• gerçekten çok iyi olanları resmen tuzaktır. davul çalmayan biri dinlediğinde göze öyle güzel gelir, her şeyi o kadar kolaymışcasına yaparlar ki hemen bi çift baget alıp başlama isteği uyandırırlar. davul çalan biri dinlediğinde ise elindeki bagetleri istemsizce yere bırakır, hayata küser.

    böyle bi tuzaktır işte, davula başlayıp biraz ilerledikten sonra kilitlenmiş, hiçbir şekilde kendini geliştiremeyeceğini hisseder insan. her şey önceden yapılmış, bütün sınırlar keşfedilmiş insanlar davulla kendilerini her şekilde ifade etmişler sanarsınız. bu noktada genelde davulcular ellerindeki enstrümanı sorgulayıp 2. bir enstrüman öğrenme, melodi üretme arayışına girerler.

    bunları aşıp da davul çalışmaya devam edenler yavaştan iyi davulcu olmaya başlar, yine de gittikçe kendini geliştirmesi daha çok zaman istemeye başlamaktadır. davul öyle bi enstrümandır ki ritm kaçırmayıp müziğe eşlik edebildiğiniz sürece karşıdan dinleyene her zaman güzel gelir, o yüzden müzik piyasası kendini geliştirmeye çok gerek görmemiş vasat davulcularla doludur. gerçekten iyi olanlar parmakla sayılabilirler.
  • türk'se 5/8 lik sevişir.

    (bkz: türk aksağı)
  • en iyi metronoma sahip olması gereken kişi.

    bir davulcunun ritim duyularının çok gelişmiş olması gerekir. daha da önemlisi yaratıcı olmalıdır. şarkının gidişatına göre en uyumlu ritmi çalmalıdır.

    eğer ki davulcu hatalar yapıp yavaş çalıyorsa bu onun yeteneksiz değil antremansız ve deneyimsiz olduğunu gösterir. şarkının gidişatında ritim düşüşleri yaşıyorsa veya alakasız ritimler çalıyorsa, gerekli esleri yanlış yerde çalıp girmesi gereken kısımlardan 1 ölçü önce ya da sonra giriyorsa ve en önemlisi bunun farkında değilse ya da bir türlü düzeltemiyorsa, ne yazık ki o kişiden davulcu olamaz.

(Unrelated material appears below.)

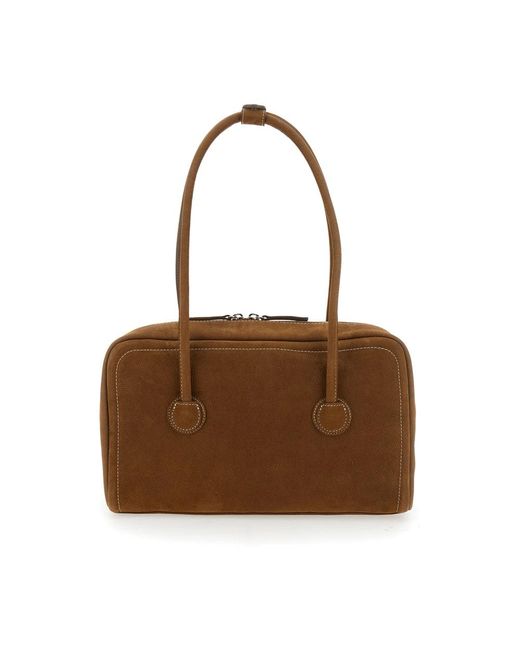 MARGE SHERWOOD Brown Braune Schultertasche Mit Geprägtem Logo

    çok üst düzey durumlar dışında şarkıları içinden ölçüyü sayarak çalması ya da şaşırdığı yerden sonra şarkıya devam edememesi ya da ritmin ölçüsünü kaçırarak devam etmesi o kişiden davulcu olmayacağının en büyük belirtileridir.

    davul öğrenmek istiyorum diyen arkadaşlara not: yazılı kısımlardaki sorunları yaşıyorsanız lütfen bu hevesten vazgeçin. sizinde canınız sıkılmasın, grup arkadaşlarınızda kanser olmasın...
  • kızı başıboş bırakırsan varacağı iki orkestra elemanından biri.
    diğeri için (bkz: zurnacı)
  • " - sürekli olarak müzisyenlerle takılan adama ne denir?"
    " - davulcu!"

    esprisi ile gündeme gelir. ancak çok ayıp tabi davulcu çok önemli bir şeydir davulcusuz grup olmaz, olmamalıdır.
  • reflexleri cok kuvvetli olur...
  • okuduğumuz yıllarda dersliklerimizin bulunduğu koridorun duvarında rastladığım maninin öznesi.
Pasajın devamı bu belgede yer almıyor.